Their results have been accepted for publication in the journal “Geophysical Research Letters” and are now available online.

“Measurements are challenging to obtain beneath hundreds of meters of seawater in poorly charted, ice-infested fjords,” writes Rignot, who also works with NASA’s Jet Propulsion Laboratory in Pasedena, California.

He and co-authors Ian Fenty of JPL, Cilan Cai and Yun Xu of UCI, and Chris Kemp of TerraSond Ltd. obtained and analyzed around-the-clock measurements of the marine waters and their intersection with the coastal edge of Greenland’s ice sheet.

To document the critical intersection where ocean hits glacier, Rignot used a half-million dollar multi-beam sonar device that bounces sound off the seabed.

The scientists discovered that some of Greenland’s glaciers are perched on giant earthen sills, protecting them from the punishing salt water for now.

But others are being eroded out of sight beneath the surface – they could collapse and melt much sooner than expected.

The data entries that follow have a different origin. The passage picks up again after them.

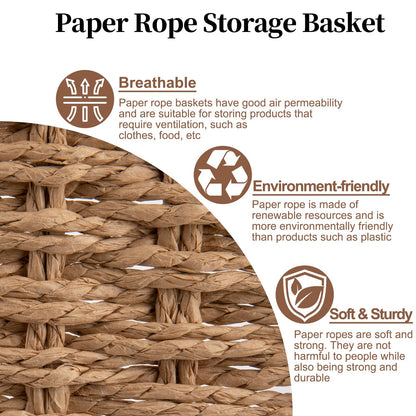 OIAHOMY Wicker Storage Basket with Lid & Lock, Lidded Storage Bins, Decorative Baskets for Organizing, Set of 2-Natural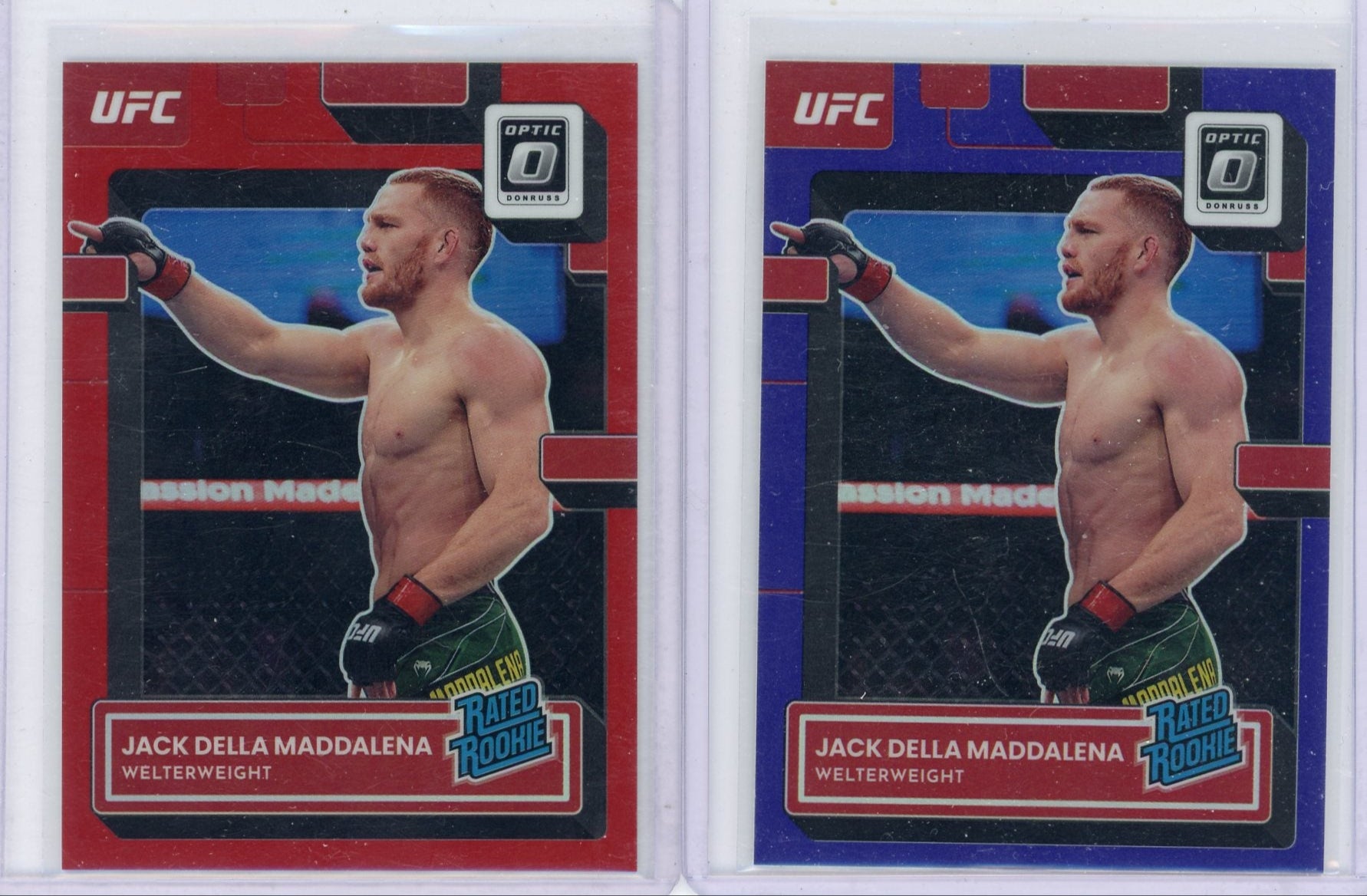 Jack Della Maddalena 2023 Panini Donruss Optic red /199 + purple prizm 2-card rc lot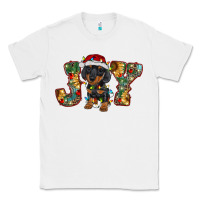 White dachshund puppy christmas joy Classic Tee - RanaPortraitStore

Rignot’s team found that Greenland’s glaciers flowing into the ocean are grounded deeper below sea level than previously measured.

This means that the deeper, warmer ocean currents can erode the glacier faces.

“In polar regions, the upper layers of ocean water are cold and fresh,” Rignot explains. “Cold water is less effective at melting ice.”

ship
UCI and JPL glaciologists aboard the Cape Race in August 2014 mapped for the first time remote Greenland fjords and ice melt that is raising sea levels around the globe. (Photo by Maria Stenzel for UCI)

“The real ocean heat is at a depth of 350-400 meters and below. This warm, salty water is of subtropical origin and melts the ice much more rapidly,” he said.

“Numerical ice sheet models do not take into account these interactions and, as a result, underestimate how fast the glaciers will respond to climate warming,” Rignot said.

More than 90 percent of Earth’s freshwater ice is held in the massive ice sheets and glaciers of the Antarctic and Greenland. As planetary temperatures climb, melt waters from these vast stores of ice add to rising sea levels.

Greenland alone could raise sea levels by seven meters (23 feet) if all its ice melted.

Next, Rignot will be working on a new NASA-funded five-year project called OMG – Ocean Melting Greenland. The team will head to the four corners of Greenland by ship and by plane.

“We hope that the data collected will be a game changer for studying ice-ocean interaction in Greenland,” says Rignot. “It will help modelers make better projections of Greenland ice sheet melt in the future.”